Dein Perry's Tap Dogs is tap... ghetto-style.

Six sweaty Australians with an amazing sense of rhythm compete with each other in a building site setting to see who can tap fastest, loudest and in the most unusual way.

This may well be the only place where you will see four welly-clad men tap dancing in a trough of water. But, believe me, it is one spectacle you don't want to miss.

In fact the dancing in water antics are so boisterous that audience members on the front row were issued with special theme-park style ponchos to wear before the show.

Wearing jeans, T-shirts, lumberjack shirts and workmen's boots, the team behind Tap Dogs would look more at home working in a garage or on a farm than performing in a dance show.

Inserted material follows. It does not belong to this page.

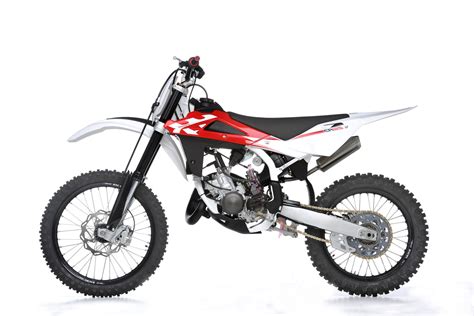 It has a 125 ccm single cylinder engine. HUSQVARNA CR 125 - 2010, 2011 - autoevolution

But turning traditional ideas on their head is one of the main points behind this incredibly macho and energetic show.

The thought of being entertained purely by tap for an hour and twenty minutes sounds mind-numbing and mundane. But apart from the occasional, and thankfully fleeting, moments of monotony, the ensemble managed to make the audience gasp, laugh and in some cases even shriek with delight.

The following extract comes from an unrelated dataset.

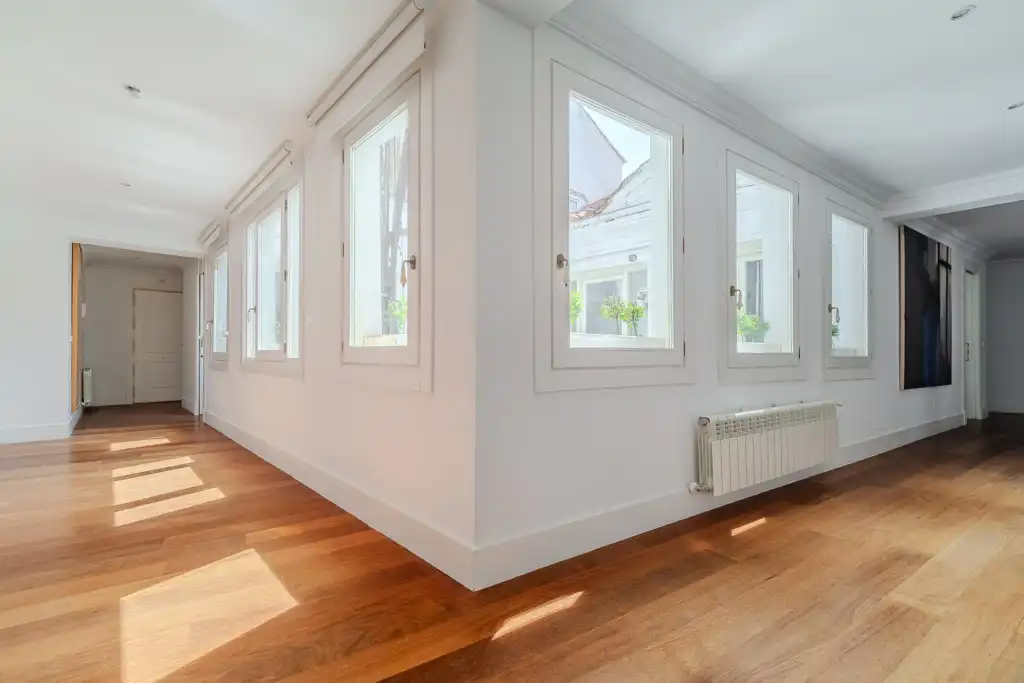 Flat for rent in Madrid  with Air Conditioner, Heating and Balcony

In the most impressive part of the show, one of the pocket-size members of thecast was hoisted up by ropes and amazed the audience by tap-dancing on the ceiling.

Just in case the loud stomping moves weren't masculine enough to convince the men that dancing isn't just for girls, macho accessories including power tools, ladders, scaffolding and cigarettes were thrown in to the mix.

Tilting floors, firemen's poles and a tap routine involving a basketball varied the show just enough to make sure they always held the audience's attention.

The lack of a programme in the theatre meant the dancers from Down Under remained strangely anonymous. Amusing themselves with slapstick violence and even at one point pretending to urinate on each other's feet, the cast seemed to enjoy themselves almost as much as the audience.